The problem is whatever we look at or talk about becomes our reality. So when a guy shows up representing an improvement on the kinds of guys the woman usually meets, she’ll look at that guy through her past experience. She will look over the improvement. Then say “nothing is changing”, or, like a recent client: “I always meet these kinds of guys.”
And when a transgender woman appears in the man’s neighborhood, he’ll literally not see her.
Incremental improvement
Meanwhile, improvement, evidenced in the new guy, still exists. So does the transgender woman living in our neighborhood. Just because we don’t see them, doesn’t mean they’re not real. But if our perception stays stuck on past negative experience, then for all intents and purposes, they’re not real. We’ll keep creating more negative experiences instead of seeing what we want coming true.
Which explains why so many transgender women and trans-attracted men struggle with everything from negative self image to negative dating experiences. Or no dating experiences at all. Loneliness, depression and sadness or dismal online dating results all indicate chronic focus on past negative experience.
But something cool happens the moment a transgender woman or trans-attracted guy changes their perspective.

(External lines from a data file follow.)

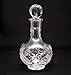 Russian Cut Crystal Vodka Decanter Carafe, 12 oz, Vintage USSR
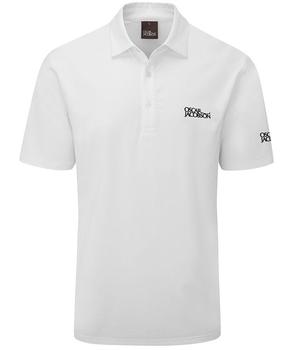 Oscar Jacobson Chap Tour Men's Golf Polo Shirt - White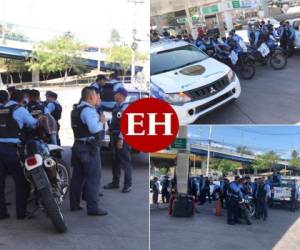 Al menos 20 agentes policiales fueron instruidos para brindar seguridad al Ciclón. (Fotos: Ronal Aceituno / EL HERALDO)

In that moment, a new dimension shows itself. In that new dimension, improvement shines everywhere. It was always there. But with our changed perspective, we now see it. We see our men getting better. And we start seeing transgender women everywhere.

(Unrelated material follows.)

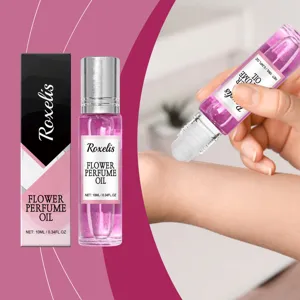 Elegant Desert Rose Flower Perfume Oil Long Lasting Fresh Floral Scent Roll On Fragrance For Women Dating Daily Use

We change our perspective through stories we tell about what we’re looking at. So long as we tell stories about things we don’t like, we keep seeing those things. We keep experiencing them too. But when we focus on improvement and talk about how improved our life becomes, we support more improvement showing up in our perspective.
Anyone can find that partner they want (Photo by Caleb Ekeroth)
Evidence abounds
For example, one of my clients, who I’ll call Karen, dates exclusively online. These days she only does so when feeling lonely or depressed. That’s improvement. Another improvement though, shows up in men she’s meeting. Karen is on her 52d week of practice. She’s improved her stories a lot. But she still has many other stories needing cleaning up.

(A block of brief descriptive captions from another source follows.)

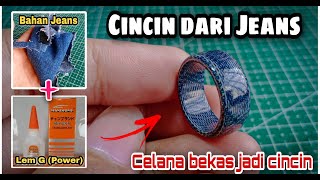 Cara Membuat Cincin dari Jeans Bekas || Celana Jeans Bekas Jadi Cincin Unik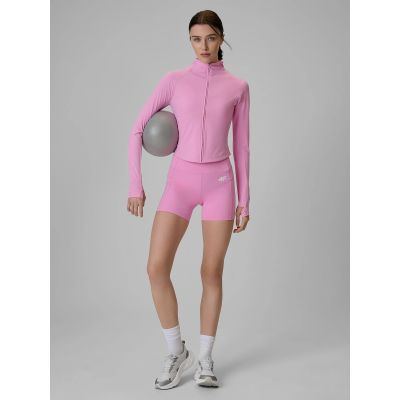 3. Bluza treningowa slim szybkoschnąca damska 4F 4FRSS26TFSWF0949-56S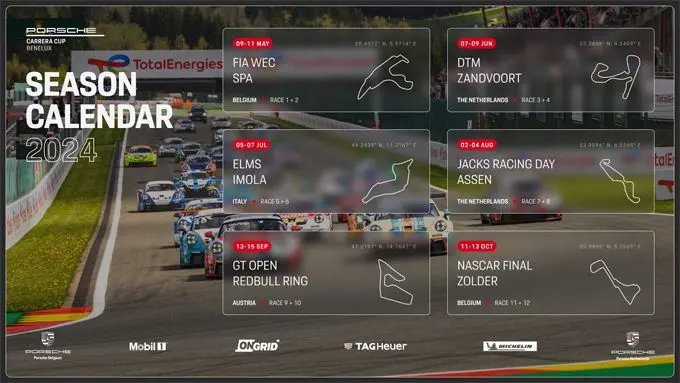 porsche carrera cup benelux 1a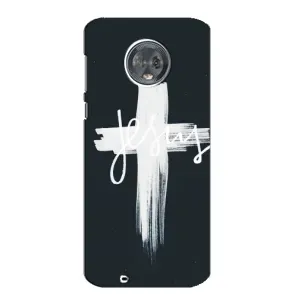 Чехол для Motorola MOTO G6 (AlphaPrint) - (Христианские) (Иисус)
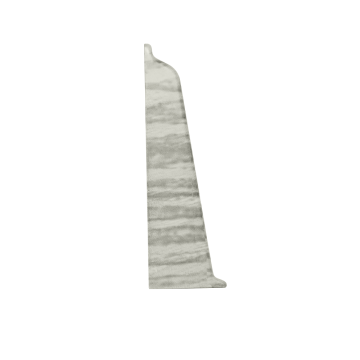 Set terminatie plinta parchet stanga/dreapta Korner Evo 70, stejar PASTEL, PVC, 70 x 20.7 mm, 2 bucati/set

Nevertheless, she acknowledges small improvements in men she meets online. She really wants to meet men in person. But for now, the story “I can’t find a man locally” dominates her attention. So she doesn’t notice when men compliment her or strike up conversations with her, which they do often whenever she goes out.
Karen didn’t agree when I told her men she meets online have improved. After detailed analysis, however, she couldn’t disagree. The men still ghost her. Or they are early in their trans-attraction and thus unwilling to meet in person. But Karen had to agree, they improved in terms of their willingness to talk with her, the things they had in common with her, and how they treated her.
Noticing incremental improvement is crucial. That’s because that’s how all manifestations happen, including relationship manifestations. It’s also crucial because noticing that improvement adds momentum behind the improvement. Without noticing the improvement, or worse, noticing no improvement, we perpetuate what we’re getting; whether that’s sucky men, crazy transgender women, or no relationship nibbles at all.
Getting what you want can be hard when we keep looking at what we don’t want. (Photo by Adrian Swancar on Unsplash)
How to not get your true love
Appreciating incremental improvement also holds back impatience. Impatience happens when we overly focus on the relationship we want. We recognize it’s not there. Then lose sight of the incremental improvement. Impatience tells us we’re creating a reality we don’t want. Usually that means more of what we now have.
It’s also important knowing what “manifestations” look like. Impatience is a manifestation. So is recognizing the impatience. Doing something about it is a manifestation too. Appreciating ourselves for doing that is too. It’s important to understand everything is a manifestation. It’s important because even an emotional improvement is progress. And going from impatience to appreciation represents an improvement.
Anyone wanting a relationship they think they can’t have stands amidst manifestations telling them something they really want to know. Those manifestations include negative emotions they feel while standing where they stand. I help clients practice everything I shared in this post. Not only do clients live happy lives as a result, they also eventually find the guy or girl of their dreams.
It doesn’t happen in an instant. It happens gradually. The good news is, on the way to that ultimate relationship, my clients find their lives becoming increasingly happier. Want what they have? Contact me.
Every once in a while, a cis woman will write us in despair. These women share “betrayal, shock and sadness” they feel after discovering their husband’s involvement with transgender women. Their discovery usually comes “by accident”, which is why such women express so much shock.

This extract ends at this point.